Anonymous 0 Comments

When it comes to stored data, like numbers, letters, RGB colors, etc, the 1s and 0s are interpreted by the software. The software knows what to interpret them as because the programmer programmed them that way. Each file format is like a different secret code to what those 1s and 0s mean. Sometimes the software might look at the filename’s extension (.html, .xls, .jpg, .png, etc), and choose what interpretation method to use based on that. Sometimes the software will just do what it does, and sometime the results won’t make sense.

But software itself is also 1s and 0s. Is it interpreted by other software? But then what interprets that software? Is it software all the way down? no! (well, sometimes there are 2-3 layers of software.) At the bottom is the hardware.

Inside the CPU are a lot of electric buttons that are protected by electrical cutouts. When a part of software (usually 32 or 64 bits, but can be 8 or 16 on microprocessors) needs interpreting, the CPU plays ‘which hole does this shape fit into?’ but with electrical signals. When the matching hole is found, the electric button inside is activated. This turns on specific parts of the CPU for that function. This could be adding a few values together, telling the graphics card to change something on the screen, checking if 2 values are equal, reading input from the mouse or keyboard, etc.

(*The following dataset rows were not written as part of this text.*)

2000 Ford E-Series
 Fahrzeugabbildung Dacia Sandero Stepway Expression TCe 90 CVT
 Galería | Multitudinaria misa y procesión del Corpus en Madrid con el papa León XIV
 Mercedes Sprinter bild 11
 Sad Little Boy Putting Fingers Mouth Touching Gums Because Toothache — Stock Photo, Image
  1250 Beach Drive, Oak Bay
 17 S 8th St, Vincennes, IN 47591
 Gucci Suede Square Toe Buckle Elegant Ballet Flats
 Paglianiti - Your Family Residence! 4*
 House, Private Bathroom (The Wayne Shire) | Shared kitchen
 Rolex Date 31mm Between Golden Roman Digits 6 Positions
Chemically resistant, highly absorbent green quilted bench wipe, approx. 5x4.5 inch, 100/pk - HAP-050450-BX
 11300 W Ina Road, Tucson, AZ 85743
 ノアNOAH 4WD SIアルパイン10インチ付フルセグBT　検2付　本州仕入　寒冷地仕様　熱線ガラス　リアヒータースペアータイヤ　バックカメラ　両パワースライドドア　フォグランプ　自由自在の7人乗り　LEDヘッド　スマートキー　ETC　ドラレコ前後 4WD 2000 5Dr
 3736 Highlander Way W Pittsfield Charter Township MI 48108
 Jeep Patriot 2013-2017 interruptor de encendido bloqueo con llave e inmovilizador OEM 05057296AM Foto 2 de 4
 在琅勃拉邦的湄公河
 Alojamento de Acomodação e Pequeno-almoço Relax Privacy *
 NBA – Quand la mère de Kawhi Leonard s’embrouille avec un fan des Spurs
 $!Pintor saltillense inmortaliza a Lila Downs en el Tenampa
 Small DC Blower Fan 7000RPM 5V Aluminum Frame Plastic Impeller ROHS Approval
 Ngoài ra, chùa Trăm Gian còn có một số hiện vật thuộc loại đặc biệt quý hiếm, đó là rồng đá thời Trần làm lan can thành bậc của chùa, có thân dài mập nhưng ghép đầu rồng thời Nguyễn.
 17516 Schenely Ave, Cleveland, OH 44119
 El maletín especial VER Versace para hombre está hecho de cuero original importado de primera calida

Since its just electrical signals, every cutout can be tried at the same time. This makes it very fast to find the answer and activate the correct CPU bits, then move on to the next part of the software (it does this automatically).

a bit of additional info:

A “compiler” takes code and turns in into software. It knows what cutouts the CPU has, and what the buttons do, and it puts the right 0s and 1s in the right order to activate the right CPU buttons to do what the code describes. Different CPUs have different buttons behind different cutouts, so often code has to be compiled for different processors separately. However there are some standards, so consumer PCs are usually compatible.